Everthing must have an opposite, because all existence is dependent on opposition. In minds like ours that are shaped by language and draw lines between things in order to distinguish and understand them, we would never comprehend right without wrong, or good without bad—and we would never see that the opposite of misery is holiness. Without opposites, everything would be just one big ball of being, and our brains wouldn't be able to sort through it. There would be no real life in this reality, no real consciousness, and no real joy. Things would be created, but to no end. They would exist, but would not truly be. And we would never have access to God's power and justice and mercy, we could never see who He is and what we are, we could never become like Him.

So, because everything needs an opposite, we needed a law—because there had to be sin so there could be obedience and righteousness. We had to be able to see the two things to know that holiness is happiness. Without law and pain and disobedience and punishment, we would never pick up on the natural connections—our brains would not allow us to learn that joy comes through goodness. We would never learn God—which would mean that we would never learn ourselves, and we would never learn the world, because all of these things are intertwined, all of creation sings and breathes together. Without one, none are.

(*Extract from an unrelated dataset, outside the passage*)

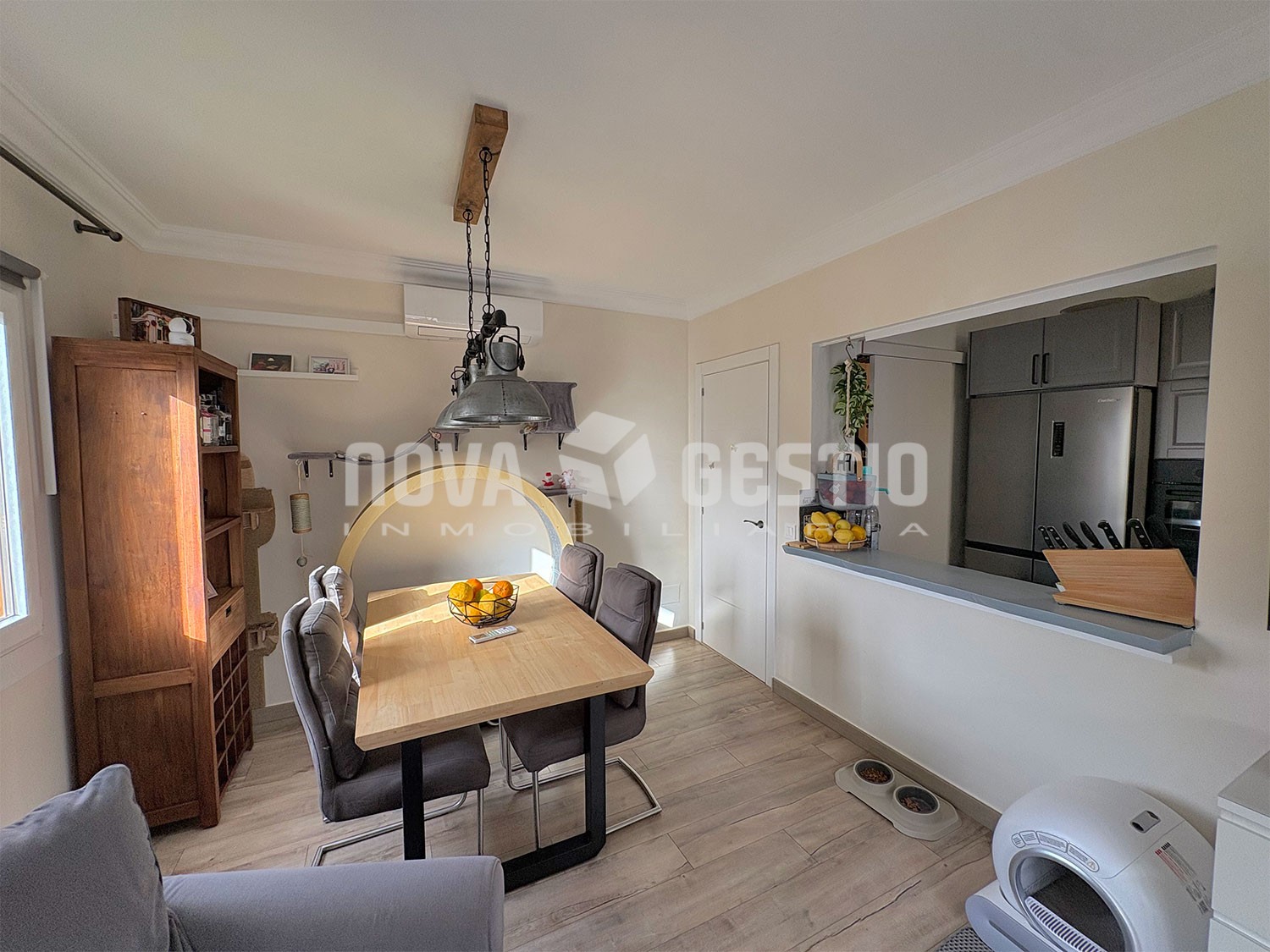 Piso reformado en venta en Cala Millor : : PI1883CM-VES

This is what the Eden story is about. It's about the creation of opposites, of the necessity of choosing—and, if there is a choice, then there must be choices, and if it is to be a true choice, both choices must have real things to offer. So God gave Adam and Eve Eden and the Tree of Life, which was safe and beautiful, but which could not be understood in and of itself; and He gave them the Tree of Good and Evil, which is to say good and evil and everything that exists between the two. There was Eden, and then there was experience.

There's a snake in this story, and I think the snake is a fallen angel who has made it his purpose to tempt humanity. He wanted misery the way God wanted joy—and both were contained in the forbidden fruit. So he told Eve the truth: that eating the forbidden fruit would make her more like God, would open her eyes to what the world was. (He didn't tell her that it would lead to heartache and misery, that she would watch her son murder her son, that generations of her posterity would take their anger about her choice out on her daughters. He didn't tell her that, but he wasn't lying when he said that choosing reality could make her like God.) Eve and Adam chose the tree of experience, and they had to leave the garden to go where the experience was. They spent their lives working hard and having kids and feeling pain—but also watching things grow and knowing they'd been a part of it and having kids and feeling joy. None of that could have happened in Eden, and it needed to happen because innocent was not the best thing they could be.

Life became a time of repentance, which is to say, change with God. God commanded Adam and Eve and all who came after that they allow their experiences to change them, and that as they changed they spoke to God and allowed Him to shape that change, allowed Him to make them more than they were. Change is what couldn't happen in the Garden, and it's what would eventually allow them to both be like God and be with God. 

Humanity fell, and that could have been the end—but God knows everything and His hand is over everything and even what seems like the most enormous of disasters will eventually work for the good of them that love God. Eve and Adam fell so that humanity could truly live, and humanity truly lives so that they can have joy.